The optimization algorithm (like gradient descent) adjusts the numbers in both embeddings to reduce the error. It might change:
- embedding_dog to [0.3, 0.15, 0.5, 0.2, 0.4, ..., 0.25]
- embedding_bark to [0.4, 0.2, 0.6, 0.25, 0.5, ..., 0.30]

**Step 5: Recalculate dot product**

$$\text{dot product} = (0.3 \times 0.4) + (0.15 \times 0.2) + (0.5 \times 0.6) + \ldots + (0.25 \times 0.30)$$

Now equals 0.60. Closer to 0.63, so continue adjusting.

**Step 6: Repeat iteratively**

The algorithm continues adjusting the embedding values thousands of times. After many iterations, it might reach:
- embedding_dog = [0.42, -0.18, 0.55, 0.10, 0.45, ..., -0.22]
- embedding_bark = [0.48, -0.15, 0.61, 0.08, 0.40, ..., -0.20]

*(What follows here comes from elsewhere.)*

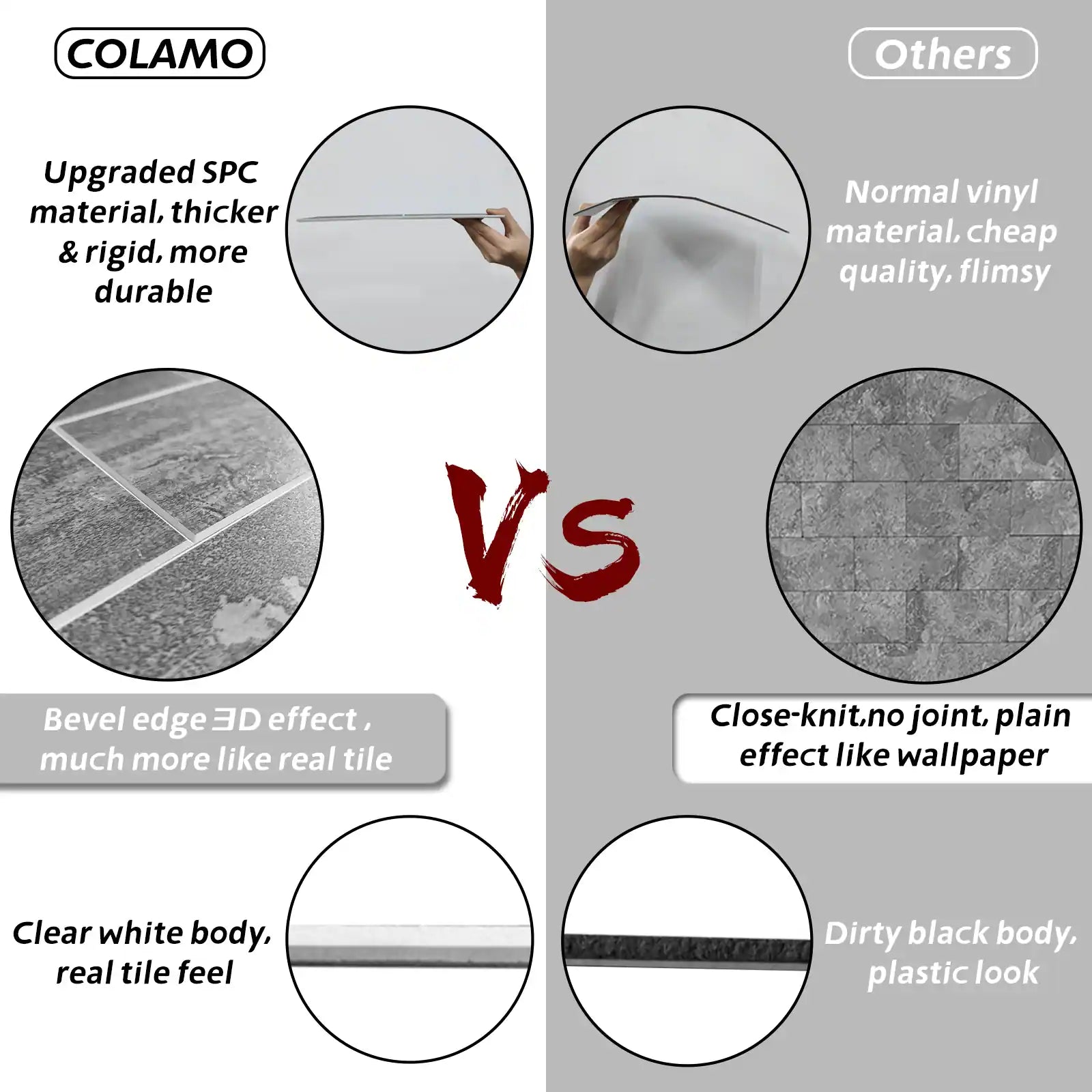 Carreaux de métro adhésifs en vinyle gris moyen COLAMO, effet béton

$$\text{dot product} = (0.42 \times 0.48) + (-0.18 \times -0.15) + (0.55 \times 0.61) + \ldots + (-0.22 \times -0.20)$$
$$= 0.202 + 0.027 + 0.336 + \ldots + 0.044$$
$$= 0.63$$

**Success!** The dot product now matches the target PMI.

### Q14: What do these embedding numbers represent?

The numbers in the embeddings (like 0.42, -0.18, 0.55, etc.) are **learned parameters discovered through optimization**. They are:

- **NOT** co-occurrence counts from the matrix
- **NOT** probabilities
- **NOT** logarithms of anything
- **NOT** mathematically derived from a formula

They are simply **values that the algorithm discovered through trial and error** to satisfy the constraint that their dot product equals the target PMI.

Think of it like solving a puzzle:
- **The puzzle:** Find two sets of 300 numbers that multiply together (dot product) to give 0.63
- **The optimizer:** Tries different number combinations repeatedly and measures the error
- **The solution:** After many iterations, finds one valid combination

There's nothing inherently special about the specific values [0.42, -0.18, 0.55, ...]. A different optimization run might produce different numbers. **As long as the dot product equals 0.63, any set of numbers works.**

### Q15: Does GloVe train embeddings for just one word pair?

No! GloVe simultaneously trains embeddings to satisfy the PMI constraint for **all word pairs** in the vocabulary.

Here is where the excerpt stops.